Your answer should hold only the lines from the start of the data below through the line with "Numerical Methods Problem", copied exactly, with pictures left out.

Data records Block Start

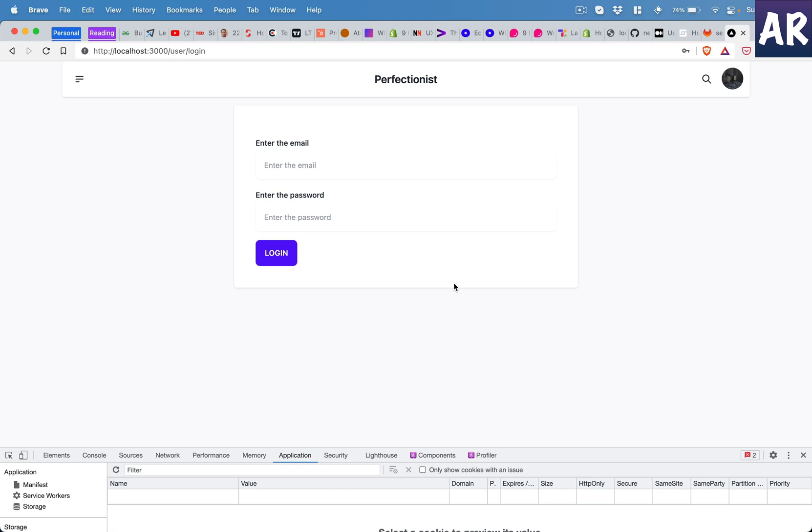Hey what's up guys, today in this video I'm going to show you how I created the entire functionality of user login and then accessing some of the protected routes inside our Next.js application. The authentication is already something which we have covered in the sanctum implementation.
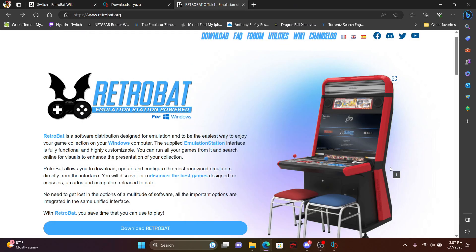Hello everybody. We're going to go over a tutorial on how to use RetroBat with Yuzu. I will provide links in the description with the RetroBat, where to download that, along with the Yuzu client.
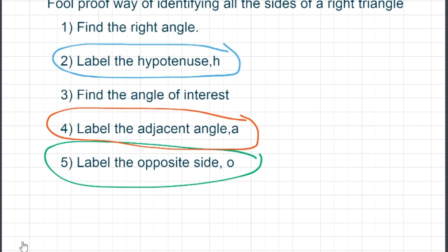So let's go over these procedures. First, you find the right angle. Then you find the hypotenuse and label it with an H. The next step, we find the angle of interest. It could be theta, it could be a letter, or it could be a number of degrees.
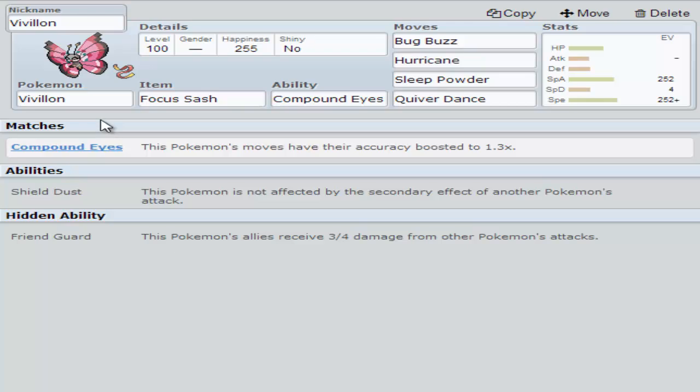They are going to be giving out a special Vivillon with a new pattern, so always look out for that. Because if you can get one with a timid or modest nature, it'd be really good for competitive.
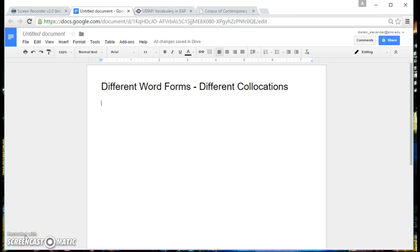In this lecture we're going to talk about different word forms and the different collocations that go with these word forms.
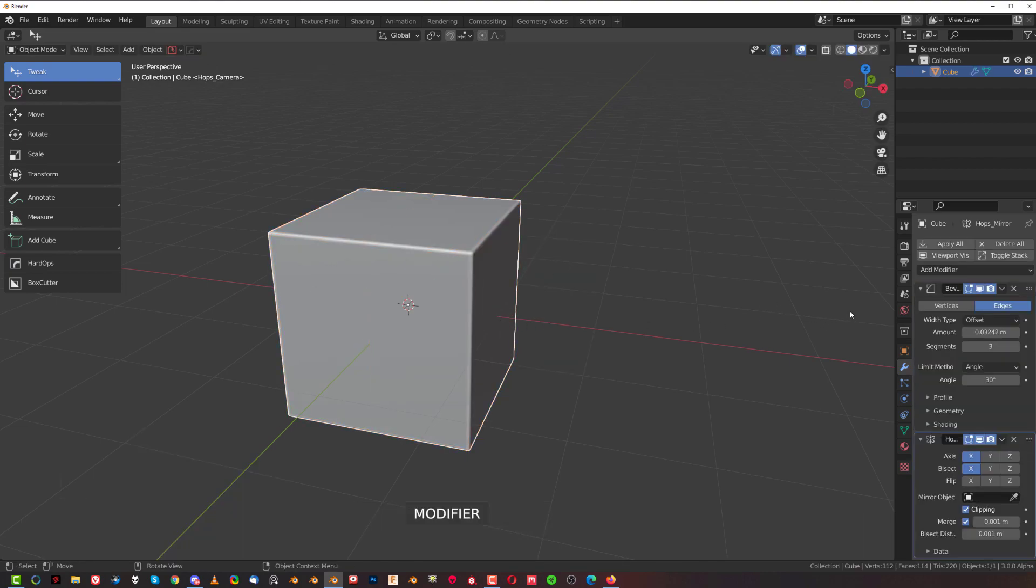You can see that we have additional menu here on the top that wasn't here. That's what this add-on is adding, and you got four options: Apply All, Delete All, Viewport Viz, and Toggle Stack. Now what these are doing...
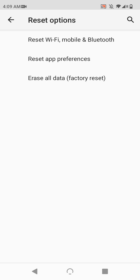Finally, we have the scorched earth option for Android, the factory reset. This eliminates everything within the phone, and when it finishes, the software will be like when you first bought it.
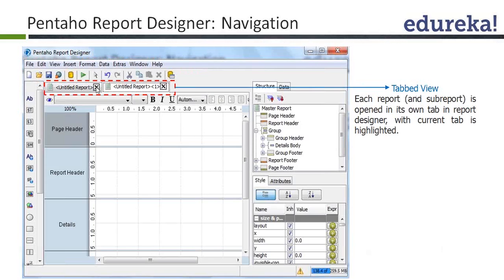Below the toolbar, there is a tabulated view. As you can see, there are two tabs open: untitled report and untitled report one. If the report name is the same, then it will keep appending one, two, three, four in chronological order.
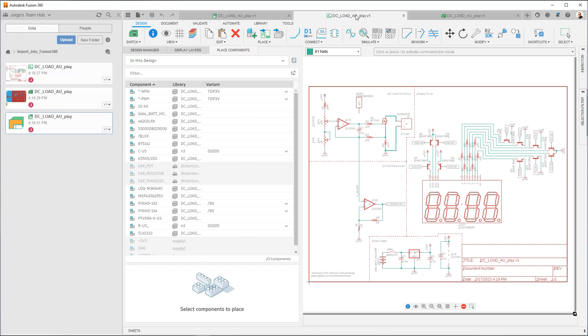So with that in mind, we need to figure out what libraries my design is referencing. That way, when we upload our libraries into Fusion 360, we can update them. We can update the design to use the Fusion team libraries instead of preserving the old links.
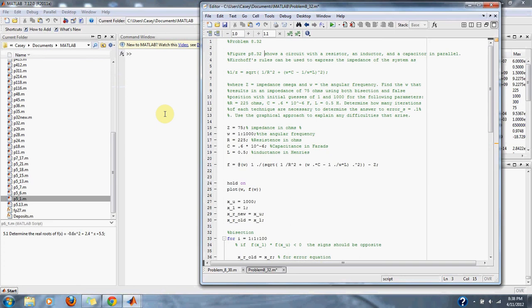Numerical Methods Problem 8.32. Figure P8.32 shows a circuit with a resistor, an inductor, and a capacitor in parallel.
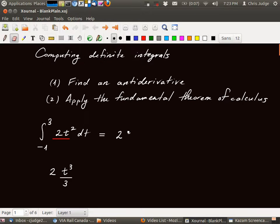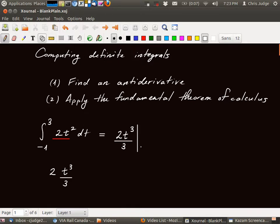So what we want to do then is apply the fundamental theorem of calculus and evaluate this antiderivative at both endpoints. The way we'll do this notationally is we'll write the antiderivative and then we'll write this little bar, which indicates that we're going to evaluate this function at the two endpoints. Notice this is a straight line — not a curvy line — to indicate that we're going to evaluate the function, not integrate it or differentiate it, but rather just evaluate it.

Data records Block End

▶ Solution for this task:
Hey what's up guys, today in this video I'm going to show you how I created the entire functionality of user login and then accessing some of the protected routes inside our Next.js application. The authentication is already something which we have covered in the sanctum implementation.
Hello everybody. We're going to go over a tutorial on how to use RetroBat with Yuzu. I will provide links in the description with the RetroBat, where to download that, along with the Yuzu client.
So let's go over these procedures. First, you find the right angle. Then you find the hypotenuse and label it with an H. The next step, we find the angle of interest. It could be theta, it could be a letter, or it could be a number of degrees.
They are going to be giving out a special Vivillon with a new pattern, so always look out for that. Because if you can get one with a timid or modest nature, it'd be really good for competitive.
In this lecture we're going to talk about different word forms and the different collocations that go with these word forms.
You can see that we have additional menu here on the top that wasn't here. That's what this add-on is adding, and you got four options: Apply All, Delete All, Viewport Viz, and Toggle Stack. Now what these are doing...
Finally, we have the scorched earth option for Android, the factory reset. This eliminates everything within the phone, and when it finishes, the software will be like when you first bought it.
Below the toolbar, there is a tabulated view. As you can see, there are two tabs open: untitled report and untitled report one. If the report name is the same, then it will keep appending one, two, three, four in chronological order.
So with that in mind, we need to figure out what libraries my design is referencing. That way, when we upload our libraries into Fusion 360, we can update them. We can update the design to use the Fusion team libraries instead of preserving the old links.
Numerical Methods Problem 8.32. Figure P8.32 shows a circuit with a resistor, an inductor, and a capacitor in parallel.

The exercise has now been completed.